Purpose
The /INPIPE option defines a pipe as a source of records.Format
/INPIPE | pipe_identifier [ALIAS alias] pipe_type [pipe_attribute …] [record_limit …] [record_layouts] |
pipe_identifier | = | {pipe_name } {task_alias PREVIOUSTASK} {pipe_descriptor OPEN } {— } |
pipe_type | = | {STREAM CRLF } {STLF } {STCR } {FIXED record_length [record_alignment] } {VARIABLE [LITTLEENDIAN] [record_alignment]} {VARIABLE DISTRIBUTABLE } {MAINFRAME FIXED record_length } {MAINFRAME FTPBINARY } {MAINFRAME VARIABLE [BLOCKED] } {MAINFRAME VARIABLE DISTRIBUTABLE } {FORTRANUNFORMATTED } |
record_alignment | = | {ALIGNED2 } {ALIGNED4 } {UNALIGNED} |
pipe_attribute | = | {compress_attribute} {encoding_attribute} {field_delimiters } |
compress_attribute | = | {COMPRESSED } {UNCOMPRESSED} |
encoding_attribute | = | [BOM] [ENCODING encoding|character_set] |
field_delimiters | = | FIELDSEPARATOR field_separator [ENCLOSEDBY leading_character [,trailing_character]] |
field_separator | = | {separator } {UNIXSORTDEFAULT} {NONE } |
record_limit | = | {FDISCARDFIRST num_records} {FDISCARDAFTER num_records} {FDISCARDBLANK } {FDISCARDSHORT min_length } |
record_layouts | = |
LAYOUT {layout_info } {(layout_info [, layout_info …])} |
layout_info | = | layout_name [ALIAS layout_alias] |
Arguments
pipe_name |
The pathname of the local or remote named pipe that provides input records to the task. On windows systems, this is specified as \\<server>\pipe\<actual_pipe_name>. For details on specifying a file path, see File Name and Syntax Requirements. |
task_alias | The alias or task name of a previous task, which provides input records to the current task. |
pipe_descriptor | The descriptor of the open pipe, which provides input records to the task. |
– | Indicator for standard input. Tells dmexpress that the source records are piped from standard input. |
alias |
A name you assign to the pipe, and which you will use to refer to the pipe in other dmexpress options. The name assigned to a pipe must adhere to the rules described for an identifier.

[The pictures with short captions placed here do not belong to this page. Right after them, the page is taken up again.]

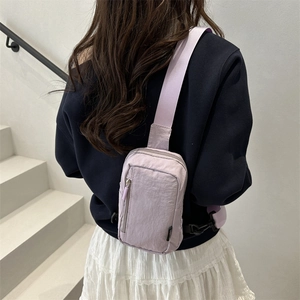 Fashionable light purple nylon chest bag for men and women shown on a model outdoors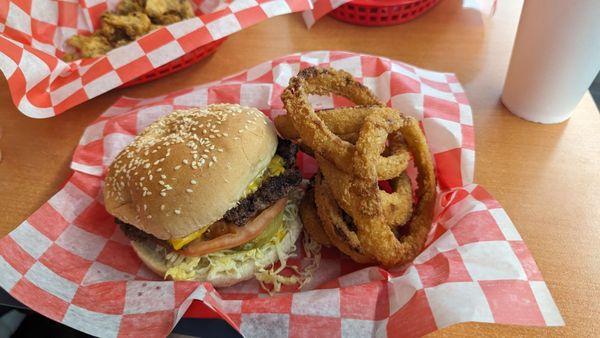 Cheeseburger with lettuce, tomatoes, and onion rings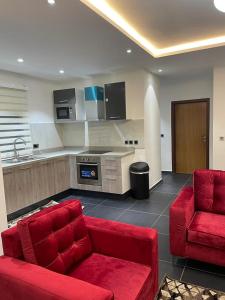 Park D-plus Apartments Cantonments في آكرا: غرفة معيشة بها كنب احمر ومطبخ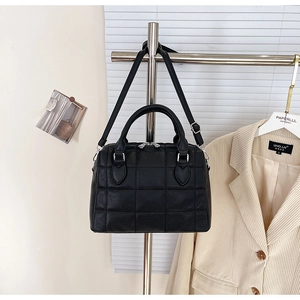 Close-up of black quilted leather Boston bag with round handles and adjustable strap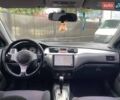 Черный Мицубиси Лансер, объемом двигателя 2 л и пробегом 248 тыс. км за 5790 $, фото 12 на Automoto.ua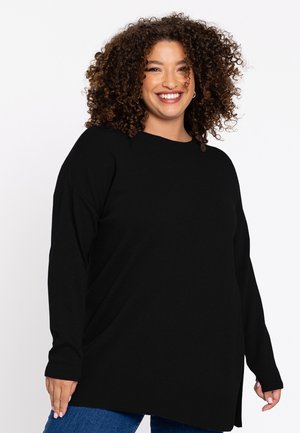 Smilende kvinde med krøllet hår iført en sort langærmet trøje og blå jeans stående foran en hvid baggrund.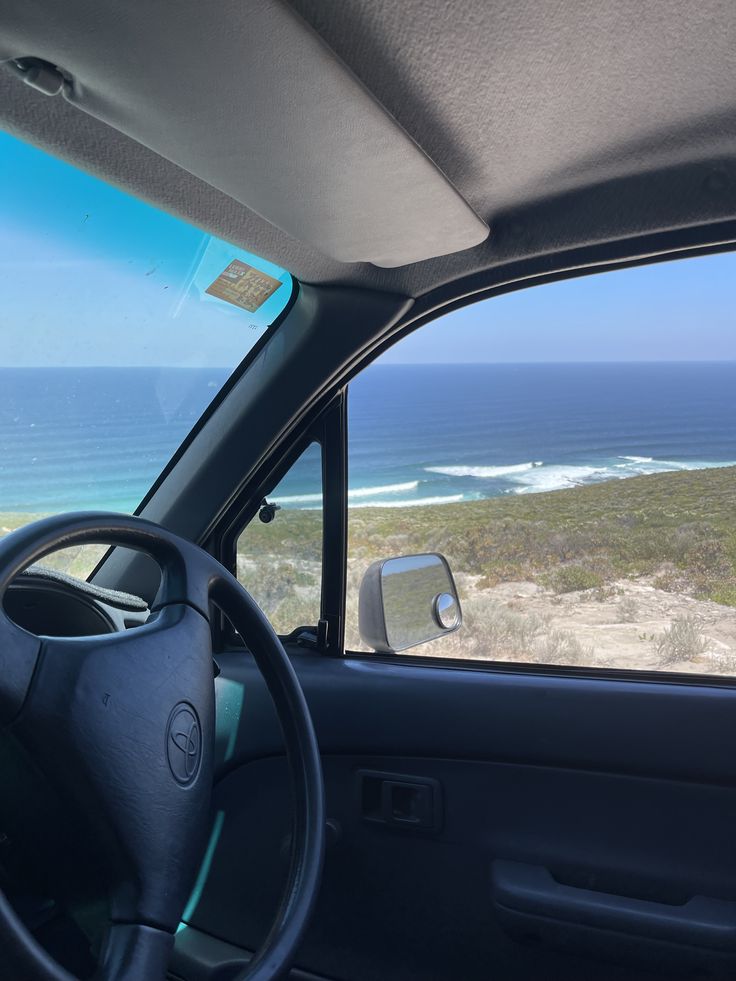 the view from inside a car looking out at the beach and ocean in the distance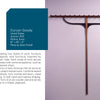 “Your Personal Hang-ups” by Schiffer Publishing, Ltd. is a wall-mounted coat rack with a wooden and brass horizontal bar and evenly spaced hooks, shown on a pale wall with details about the piece and its artist, Duncan Gowdy, on the left.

For a summary of valid naming and formatting conventions for identifiers and constants, see Syntax reference in the Connect help. |
record_length | The length in bytes associated with the following /INPIPE record type clauses: FIXED, MAINFRAME FIXED. |
encoding |
The encoding argument can be used for encoding a text field of data with one of the following built-in character sets: ASCII, EBCDIC, Locale, UTF-8, UTF-16, UTF-16BE, UTF-16LE, UTF-32, UTF-32BE, or UTF-32LE. Note: When Locale is specified, the encoding used is that which is defined by the system locale where dmexpress runs. This encoding value can be specified as a built-in character set keyword without quotes or as a string as outlined in File Name and Syntax Requirements. For additional information, see the following Connect help topics: "Data encoding" and "Text data type." |
character_set |
The character_set argument can be used for encoding a text field of data with one of the ICU library character sets. This character set value must be specified as a string as outlined in File Name and Syntax Requirements. For additional information, see the following Connect help topics: "Data encoding" and "Text data type." |
separator |
A single byte or multibyte character string that separates adjacent fields in delimited text records. You can specify the character string in single-quoted or double-quoted format as outlined in Constants. At runtime, field separators are treated as follows:
|
leading_character | The character in the field-delimited text records that optionally precedes the data in each delimited field. |
trailing_character | The character in the field-delimited text records that optionally follows the data in each delimited field. |
num_records | The number of records to be bypassed from the beginning of the data supplied through the pipe. These records are not released to the task. |
min_length | Specifies the minium length requirement for records to avoid being discarded as per the FDISCARDSHORT clause. |
layout_name | The name of a record layout that defines the fields of the records in the source pipe. A record layout can be defined in a /delimitedrecordlayout or /recordlayout option or defined in an external metadata file using /datadictionary. |
layout_alias |
A name you assign to the layout, and which you will use, in lieu of the original layout name, to refer to the fields of records originating from this source in other dmexpress options. When a layout alias is defined, you can no longer reference the fields using the original layout name directly in your task. The name assigned to a source pipe’s layout must adhere to the rules described for an identifier. For a summary of valid naming and formatting conventions for identifiers and constants, see Syntax reference in the Connect help. |
Location
The /INPIPE option can be listed anywhere in the task definition for the following task types: copy, sort, merge, and aggregates.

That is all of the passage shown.